# [Try it]
Reproduce each line of the material exactly, minus any picture.

# [Data under study]
=-=-=-=-=
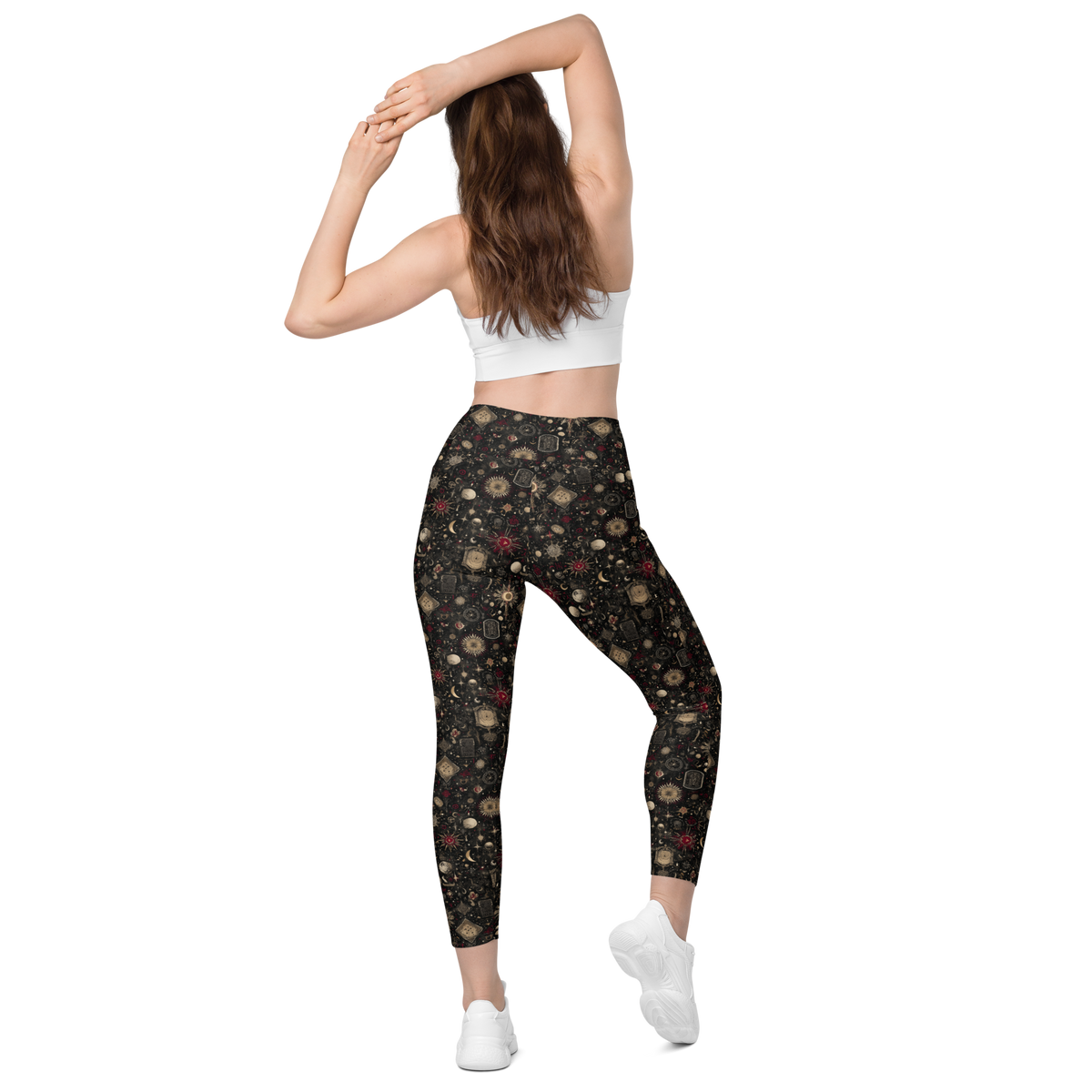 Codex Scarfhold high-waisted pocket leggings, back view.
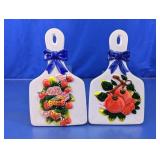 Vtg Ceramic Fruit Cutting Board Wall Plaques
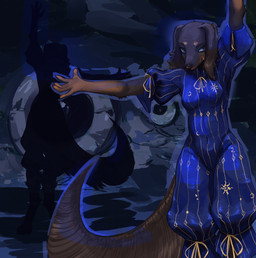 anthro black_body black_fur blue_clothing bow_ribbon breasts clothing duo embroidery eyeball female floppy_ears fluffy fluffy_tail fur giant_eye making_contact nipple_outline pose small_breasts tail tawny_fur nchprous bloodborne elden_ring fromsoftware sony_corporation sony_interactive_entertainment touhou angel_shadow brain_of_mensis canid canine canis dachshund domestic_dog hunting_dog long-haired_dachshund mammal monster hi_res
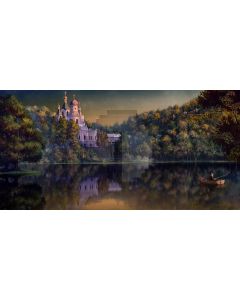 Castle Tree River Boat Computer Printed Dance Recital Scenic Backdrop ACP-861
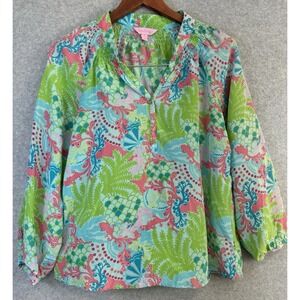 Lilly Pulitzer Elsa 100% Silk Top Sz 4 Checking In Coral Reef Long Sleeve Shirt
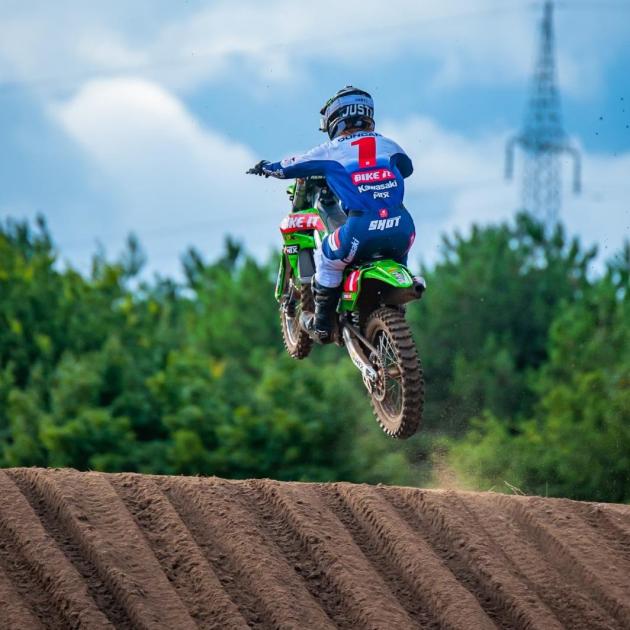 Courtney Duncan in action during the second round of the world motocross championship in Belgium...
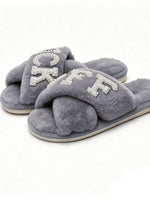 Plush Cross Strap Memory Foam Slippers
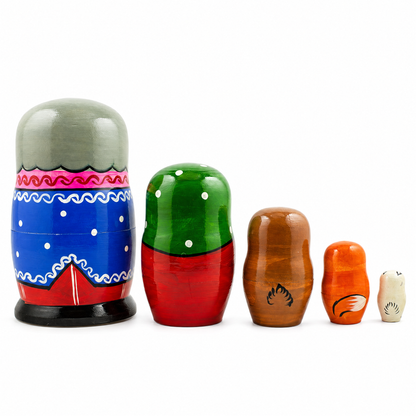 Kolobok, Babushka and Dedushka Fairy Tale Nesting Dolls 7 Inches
=-=-=-=-=
# [Exercise response]
 Codex Scarfhold high-waisted pocket leggings, back view.
 Vtg Ceramic Fruit Cutting Board Wall Plaques
 anthro black_body black_fur blue_clothing bow_ribbon breasts clothing duo embroidery eyeball female floppy_ears fluffy fluffy_tail fur giant_eye making_contact nipple_outline pose small_breasts tail tawny_fur nchprous bloodborne elden_ring fromsoftware sony_corporation sony_interactive_entertainment touhou angel_shadow brain_of_mensis canid canine canis dachshund domestic_dog hunting_dog long-haired_dachshund mammal monster hi_res
 Castle Tree River Boat Computer Printed Dance Recital Scenic Backdrop ACP-861
 Lilly Pulitzer Elsa 100% Silk Top Sz 4 Checking In Coral Reef Long Sleeve Shirt
 Courtney Duncan in action during the second round of the world motocross championship in Belgium...
 Plush Cross Strap Memory Foam Slippers
 Kolobok, Babushka and Dedushka Fairy Tale Nesting Dolls 7 Inches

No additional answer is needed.